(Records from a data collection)
----------

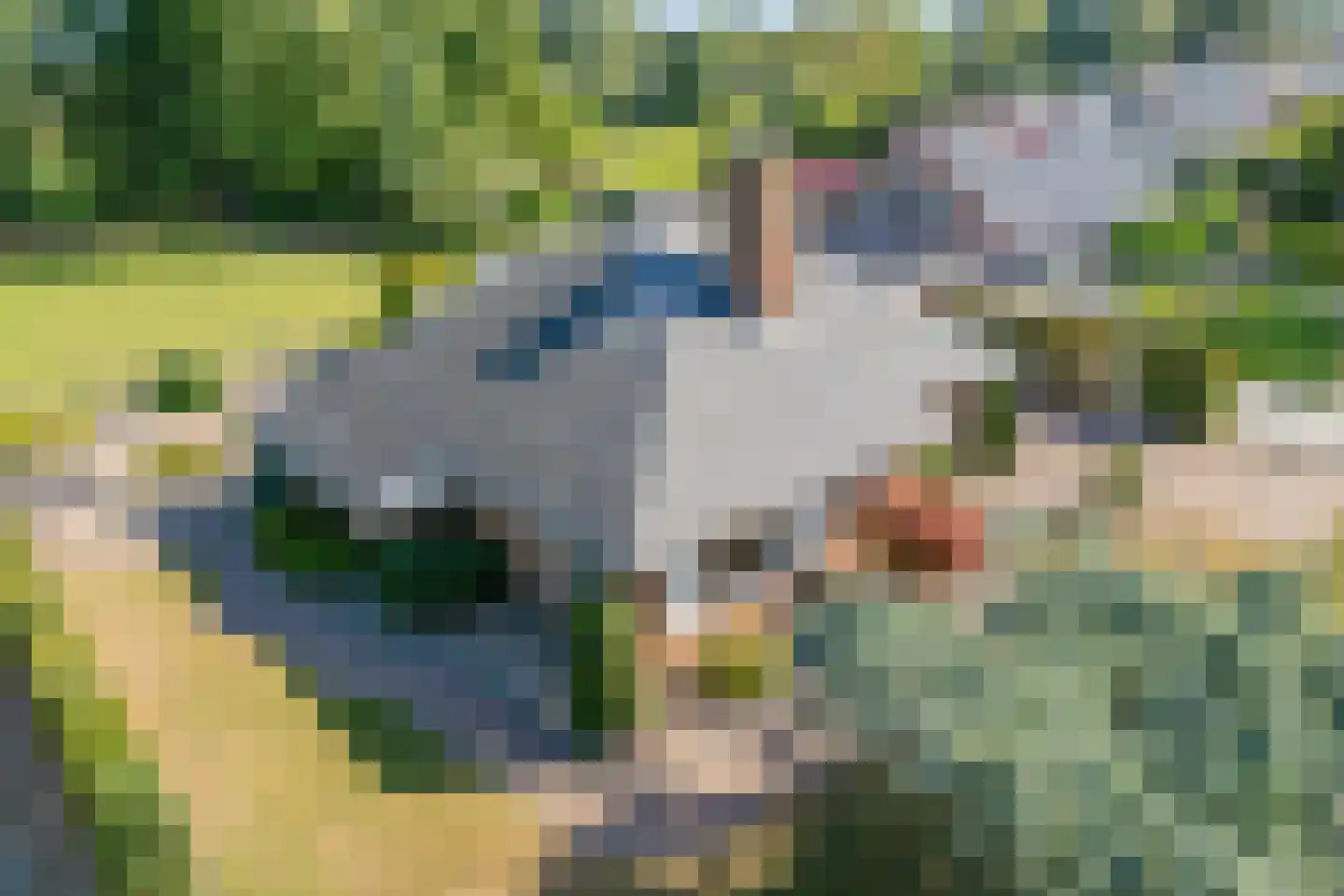 't Sumpel 52 Den Ham thumbnail 11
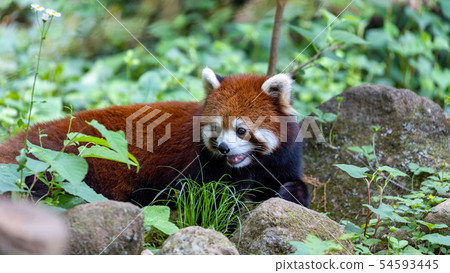 小熊貓 小熊貓 54593445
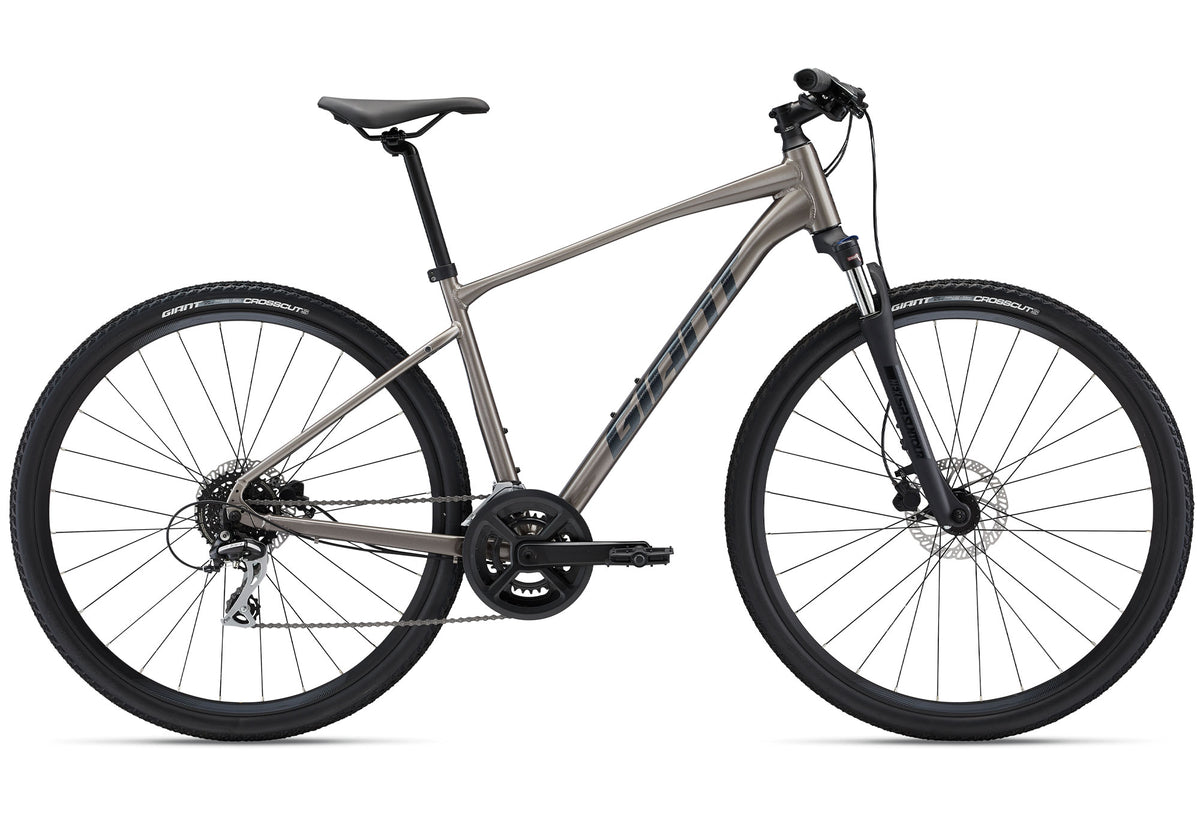 2022 Giant Roam 3 Mens Fitness/Urban Bike Metal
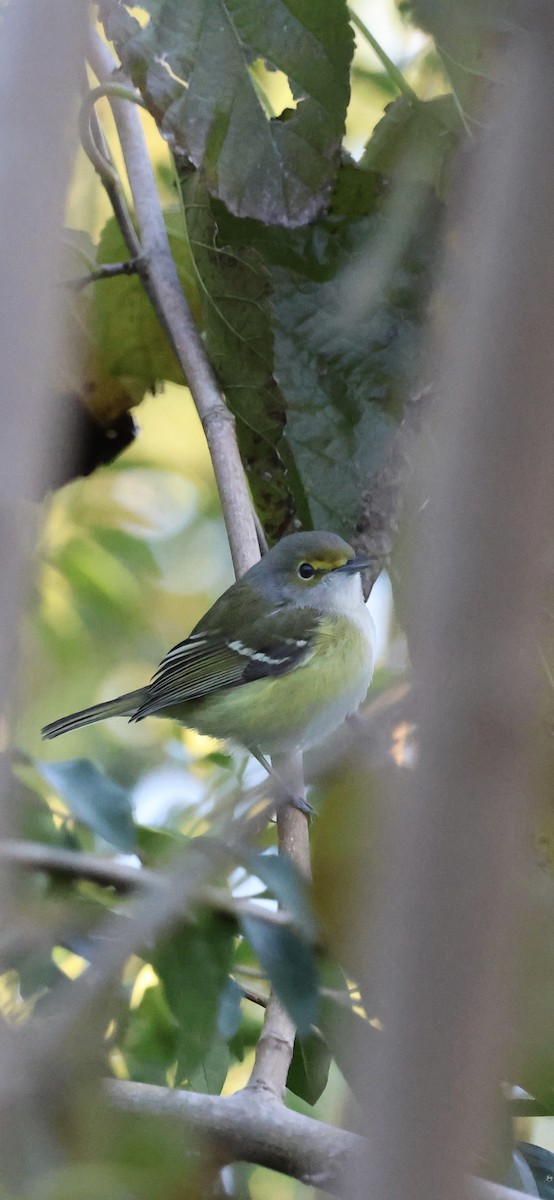 hvitøyevireo - ML643563278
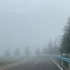 能见度不足二十米之熊师傅雾天开车教程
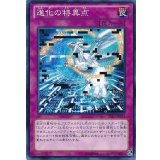 進化の特異点【ノーマル】{PRIO-JP077}《罠》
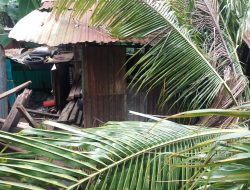Rumah Kristian Koa Tertimpa Pohon Kelapa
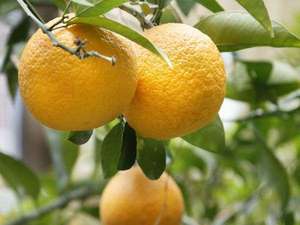 中庭に毎年、夏みかんと橙が実をつけます。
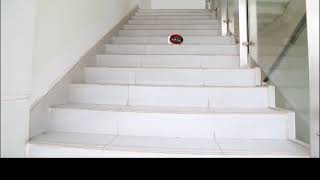 Parrokmon RC 2.4GHz DIY Assembled Intelligent Ladybug Robot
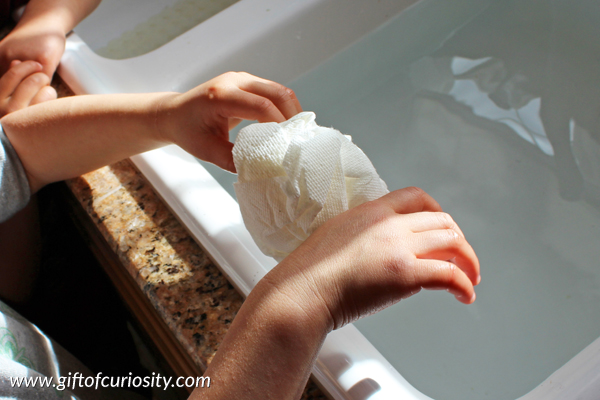 Air pressure activities for kids: How does the paper towel stay dry? || GIft of Curiosity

----------

_WORK ITEM_
With the pictures left out, transcribe exactly the lines from the line holding "小熊貓 小熊貓 54593445" through the closing line of the entries.

_EXERCISE OUTPUT_
 小熊貓 小熊貓 54593445
 2022 Giant Roam 3 Mens Fitness/Urban Bike Metal
 hvitøyevireo - ML643563278
 能见度不足二十米之熊师傅雾天开车教程
 進化の特異点【ノーマル】{PRIO-JP077}《罠》
Rumah Kristian Koa Tertimpa Pohon Kelapa
 中庭に毎年、夏みかんと橙が実をつけます。
 Parrokmon RC 2.4GHz DIY Assembled Intelligent Ladybug Robot
 Air pressure activities for kids: How does the paper towel stay dry? || GIft of Curiosity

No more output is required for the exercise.